Tüm bu olanların psikolojisi altında, şahsen de gözlemleyebildiğim kadarıyla çoğu Beşiktaş taraftarı rakiplerinin kötü durumuna karşın o stattan galip çıkabileceklerine inanmıyor, takımına inansa bile birtakım güçlerin buna müsaade etmeyeceğini ve şampiyonluk yarışının erkenden kopmaması için her şeyin yapılacağını düşünüyor. Haksızlar mı, bunun yorumunu sizlere bırakıyorum.
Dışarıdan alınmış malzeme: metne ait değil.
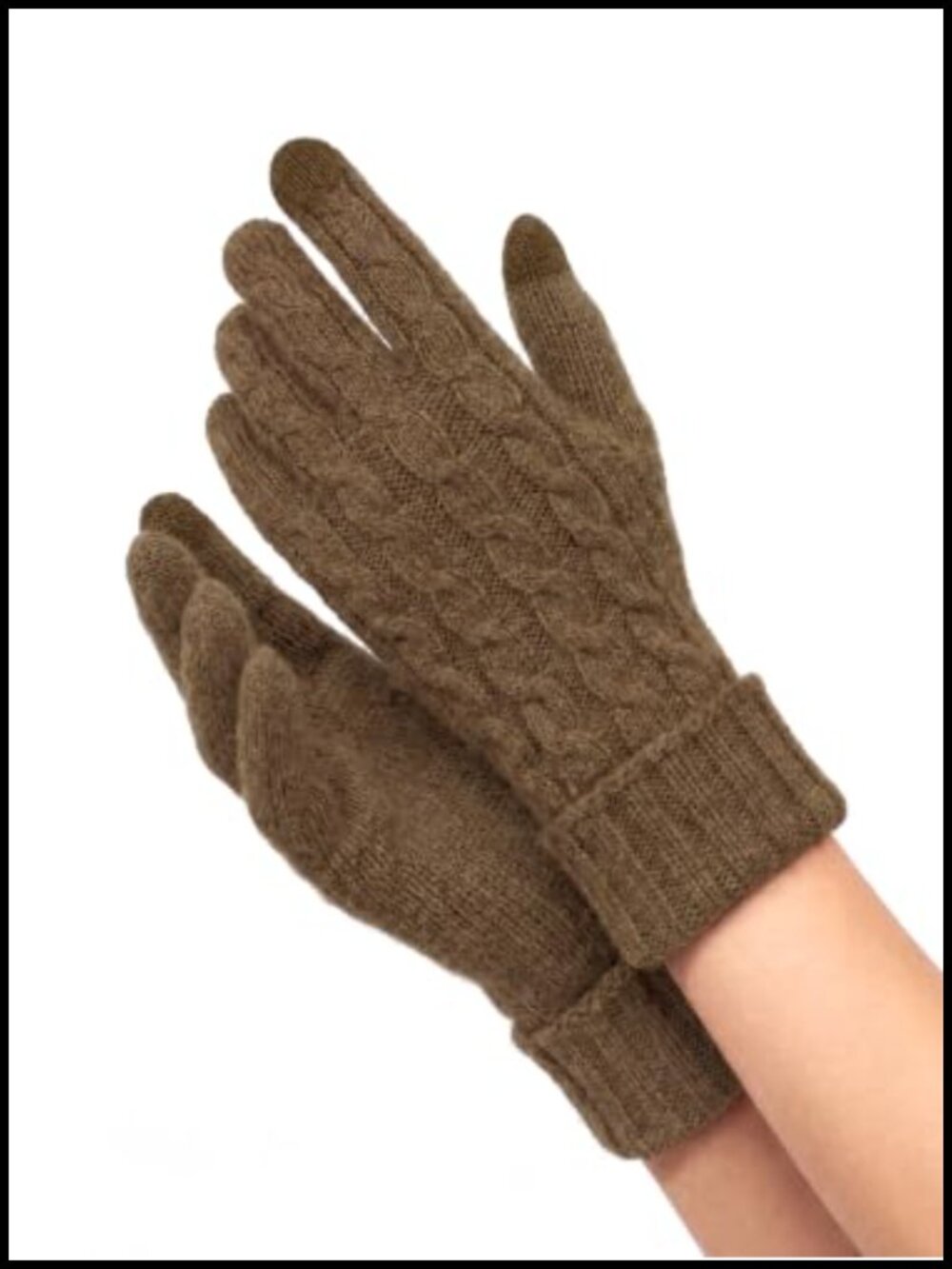 Alpaca Wool Knit Gloves for Women Touch Screen Winter Warm Jacquard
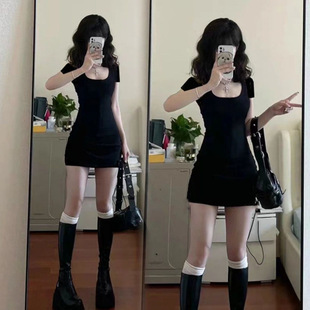 Petite Short-Sleeve Dress for Women, Summer U-Neck, Figure-Flattering, Sexy, Tight-Fitting, Waist-Slimming, Body-Hugging Mini Dress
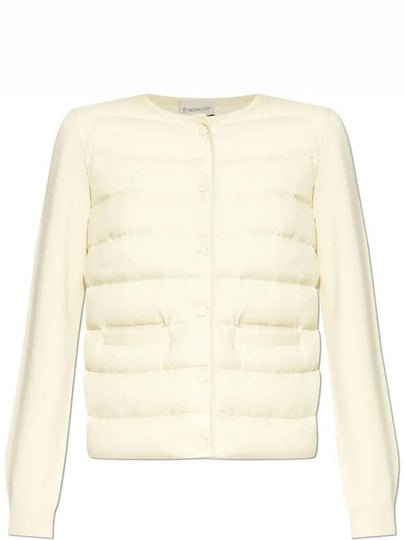 Logo Patch Mix Padded Wool Zip-Up Cardigan White - MONCLER - BALAAN 2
Eğer Beşiktaş takımı ve teknik heyeti de aynı psikolojiye sahiplerse eğer -ki en büyük handikap bu olur- bu durumda derbiden galibiyetle çıkılması büyük sürpriz olacaktır benim için. Dolayısıyla geçen sezon örneğini gördüğümüz bol kırmızı kartlı, bol polemikli, büyük hasarlarla çıkılan ve etkisi haftalarca sürecek bir derbi yerine, beraberlikle tamamlanan ve sonraki haftalara yansıyacak şekilde takımın ve hocanın psikolojisini alt üst etmeyen bir maç olmasını tercih ederim doğrusu. Hepsinden önemlisi de, her iki takımın da kırmızı kart görmediği ve oyun zevkimizin mahvolmadığı bir derbi olmasını temenni ediyorum…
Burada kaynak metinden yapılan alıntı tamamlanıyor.